Serius Tangani Covid-19, Bupati Sukiman Pimpin Rapat Evaluasi Pelaksanaan Vaksin

PASIRPENGARAIAN – Pemerintah Kabupaten Rokan Hulu (Rohul) tampaknya begitu serius dalam menangani penyebaran pandemi Covid-19 varian Omicron, hal ini terbukti dengan diselenggarakannya Rapat Evaluasi Pelaksanaan Vaksinasi dan Penanganan Covid-19, di Convention Hall Islamic Center Rohul, Pasir Pengaraian, Senin (24/01).
Kegiatan yang dipimpin langsung oleh Bupati Rokan Hulu, H Sukiman itu dihadiri juga oleh Wabup Rohul H. Indra Gunawan, Kapolres Rohul AKBP Eko Wimpiyanto Hardjito SIK, Ketua DPRD Rohul Novliwanda Ade Putra ST, Kasi Intel Kejari Rohul Ari Supandi SH MH, Kalapas, Kepala Dinas, Camat dan Kepala Desa.
Diakui Orang nomor satu di Negeri Seribu Suluk, H Sukiman mengatakan bahwa peran Pemerintah tidak hanya berfokus pada pembangunan fisik daerah, melainkan juga pembangunan mental dan kepribadian yang baik.
“Sebagai Pemimpin baik dilevel Daerah, baik ditingkat Kecamatan hingga Desa, sebagai seorang pemimpin harus mampu memberikan contoh yang baik kepada masyarakat terutama dalam pelaksanaan vaksinasi,” Ungkap Bupati.
Bupati Sukiman juga mengakui, dalam pelaksanaan percepatan vaksinasi di Negeri Seribu Suluk, masih ada beberapa Kepala Desa yang dinilai kurang cepat tanggap dalam melaksanakan tugas.
“Padahal percepatan Vaksinasi ini sangat penting untuk meningkatkan Herd immunity mencegah Covid-19 maupun varian baru Omicron,” Tambah Bupati.
Lanjut Bupati Sukiman, sesuai Rakor Kepala Daerah bersama Mendagri dalam penanganan Covid-19 pada beberapa waktu lalu, dibutuhkan kerjasama antara Kades, Camat, Kapolsek, Danramil maupun Kapus untuk memberikan pemahaman positif terkait vaksinasi, sehingga masyarakat mau untuk divaksin.
“Kita semua disini memiliki tanggungjawab yang sama, jangan sampai keras dulu baru bekerja, disiplin adalah kunci utama melaksanakan tugas perintah kedinasan,” pintanya
Masih ditempat yang sama, Kapolres Rohul AKBP Eko Wimpiyanto Hardjito SIK mengatakan pelaksanaan vaksinasi ini merupakan misi kemanusiaan yang yang memiliki hukum tertinggi.
“Hari ini kita gesak lagi karena pencapaian vaksinasi dosis kedua masih rendah, hari ini kita kumpul bersama instansi terkait Pemda Bupati dan Wabup, Kepala Dinas, Camat, Kapolsek, Danramil. Bagaimana percepatan vaksinasi ditingkatkan,” katanya.
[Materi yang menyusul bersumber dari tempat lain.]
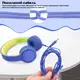 Детские проводные наушники с микрофоном Picun Q2 Blue/Green
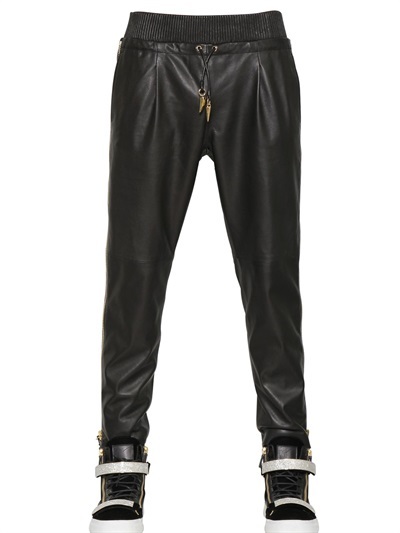 17cm Nappa Leather Trousers, $2,550 | LUISAVIAROMA | Lookastic.com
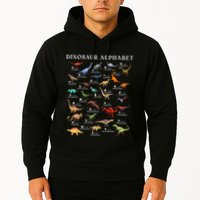 Types Of Dinosaurs Alphabet Abc Dino Identification Az Hoodie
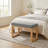Modern Upholstered Shoe-Changing Bench, Solid Wood Frame, Soft Seat, Compact Entryway Stool for Foyer and Hallway-1186412681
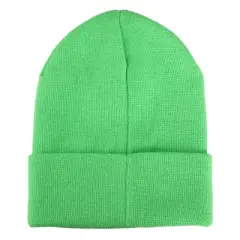 Hunter X Hunter Anime Embroidered Logo Patch Neon Green Knitted Beanie Hat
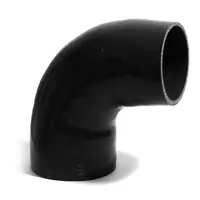 90Deg 4 Ply Silicone Reducer 89mm x 95mm Black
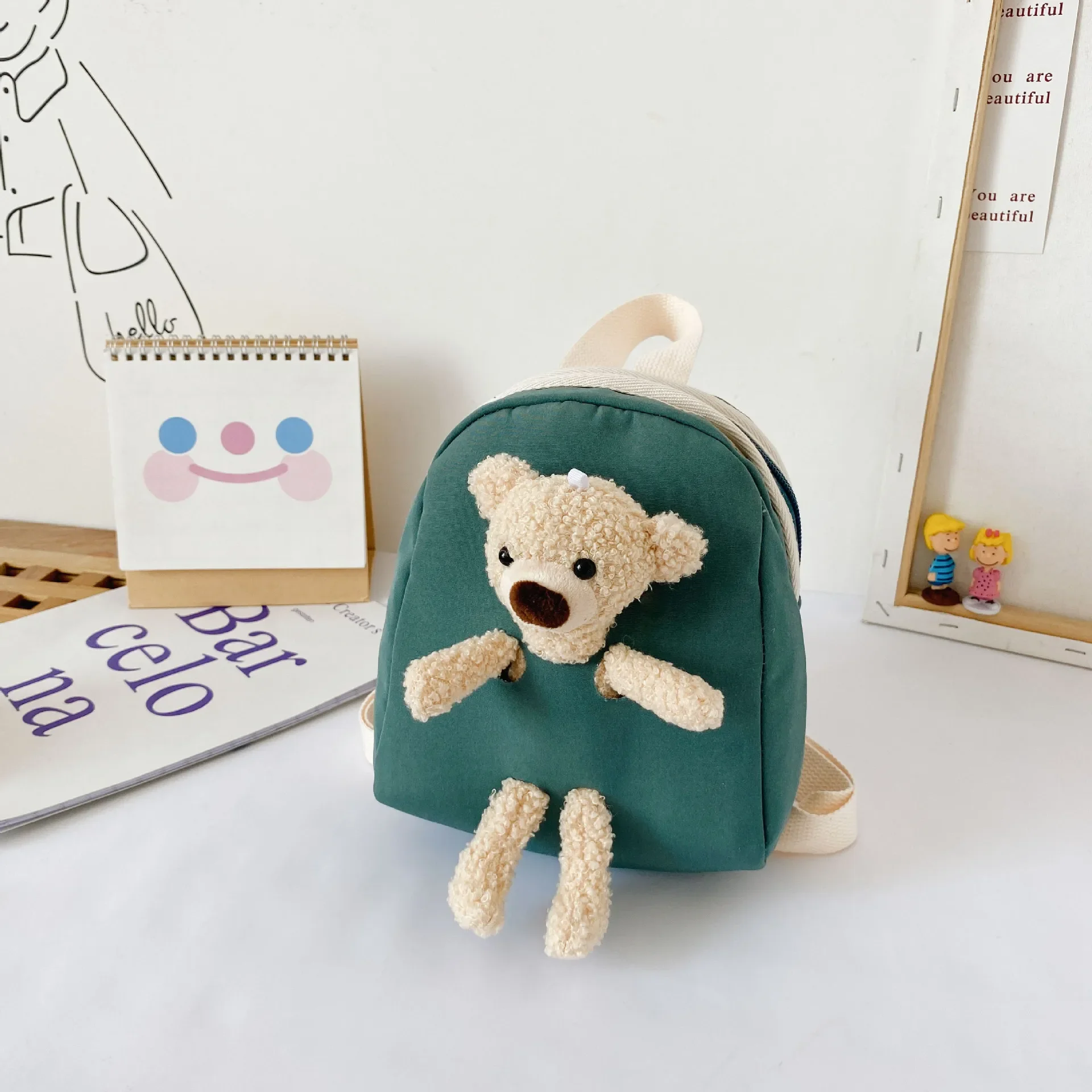 Kids Child Bags Kindergarten Children Plush Backpack Cartoon Lovely Cute Baby Toddler Newborn Boys Girls School Students Bag - 2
Lanjut Kapolres, untuk pemerataan vaksinasi dosis 2, yakni dengan melihat data by name and by address, sehingga masing-masing dusun bisa tahu warganya yang jatuh tempo untuk divaksin kedua.
“Lalu direkap desa dan kecamatan sehingga data tersebut fokus lebih efektif dan efisensi sehingga target bisa tercapai,” Tutupnya.